The Inspector General in his presentation made several interesting points including the fact that conditions have improved a lot since the days when Shireen was imprisoned (a point challenged during the roundtable discussion which followed) and that, to improve conditions for women prisoners, interventions are also needed with and from the police and judiciary.
The Home Minister in her speech echoed the points made by the Inspector General saying things have improved although she acknowledged a lot still remains to be done.
Following the discussion Justice Imman Ali launched the two books by Dr. Shankardass’s, who then spoke about the relevance of their content to the discussion which had gone before. She stressed the importance of understanding context in women’s lives which is what has been set out in the several case studies contained in Of Women ‘Inside’, and also the importance of designing and implementing concrete programmes to help women in conflict with the law, highlighted in the book In Conflict and Custody: Therapeutic Counselling for Women.
A concrete outcome from the event was an offer from PRI to the Inspector General of Prisons and the Home Minister to help build capacity, working closely with BLAST, within the criminal justice system for treatment of women prisoners, through providing training especially to staff working closely with women prisoners, but also more widely through awareness-raising work with a range of agencies including the police and judiciary and including civil society. PRI is currently exploring a possible project design in collaboration with BLAST.
Nikhil Roy
4 May 2012
More detail on the books:
Of Women ‘Inside’: Prison Voices from India narrates the real-life stories of women locked up in Indian prisons for alleged or actual violations of the state’s criminal laws. It contextualises women offenders’ experiences of the criminal justice system and of state custodial institutions within the larger narratives of their particular lives, thus interrogating the social as well as legal frameworks within which women face adversities in their lives and in custody. It argues that the sex and gender issues that affect women ‘outside’ are carried over ‘inside’, with extremely damaging consequences for the lives and mental health of women prisoners. The volume will be of interest to those in gender studies, legal studies, sociology, and human rights organisations, as well as to policy makers and the general reader.

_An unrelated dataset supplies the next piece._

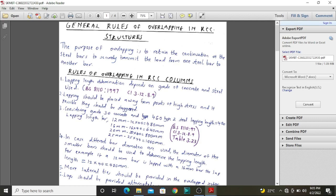In RCC columns, we are going to start by looking at RCC columns. Our main reference is British Standard 8110, the 1997 version. If you don't have it, please email me at the address provided in the comment section and I will send this British Standard to you.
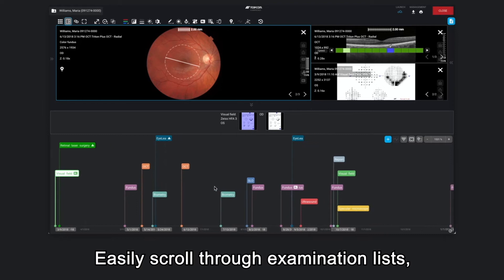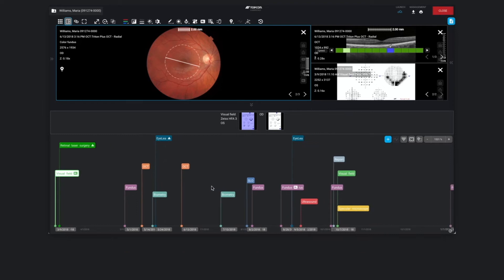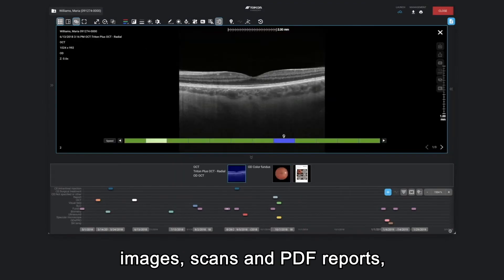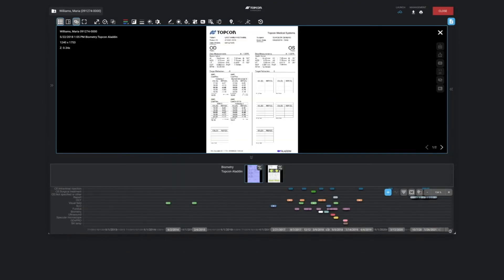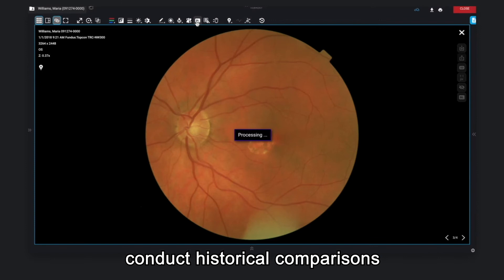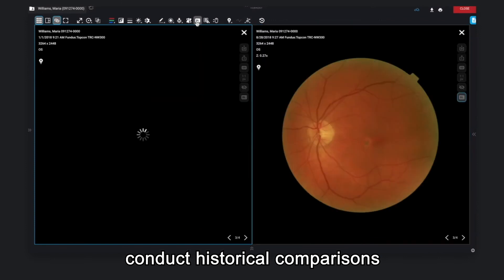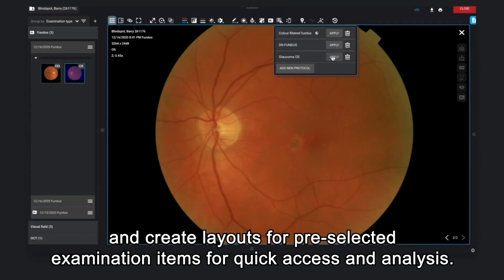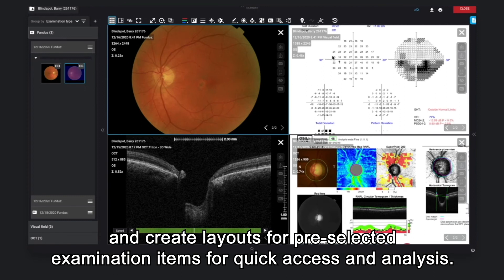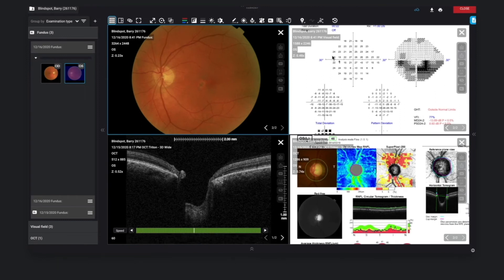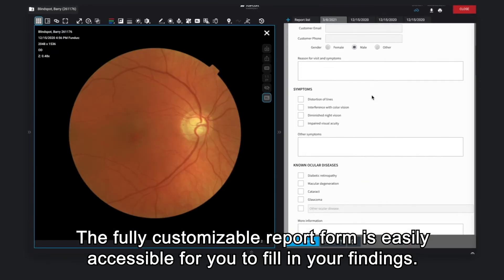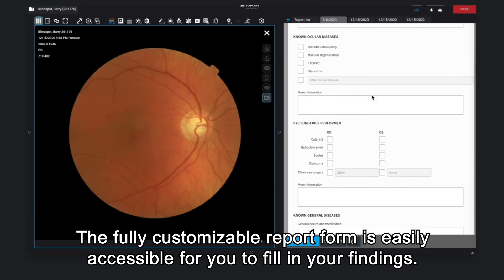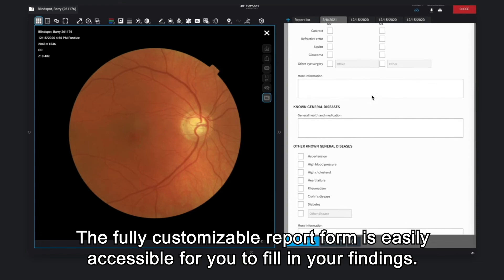Easily scroll through examination lists, images, scans, and PDF reports, conduct historical comparisons, and create layouts for pre-selected examination items for quick access and analysis. The fully customizable report form is easily accessible for you to fill in your findings.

To buy, please contact: book.orders@tandf.co.uk / click on the publisher’s website
In Conflict and Custody: Therapeutic Counselling for Women advocates for and recommends fine-tuned agenda-free professional counselling as the most constructive method of addressing the mental health issues of women in two problematic contexts in the Indian society – conflict and custody. The book imparts theoretical and practical guidance for trainers and would-be counsellors to equip them for therapeutic counselling of women faced with a range of personal, social and legal problems. It demonstrates how professionally conducted therapeutic intervention can be the most empathetic way of enabling and empowering distressed women to take charge of their lives.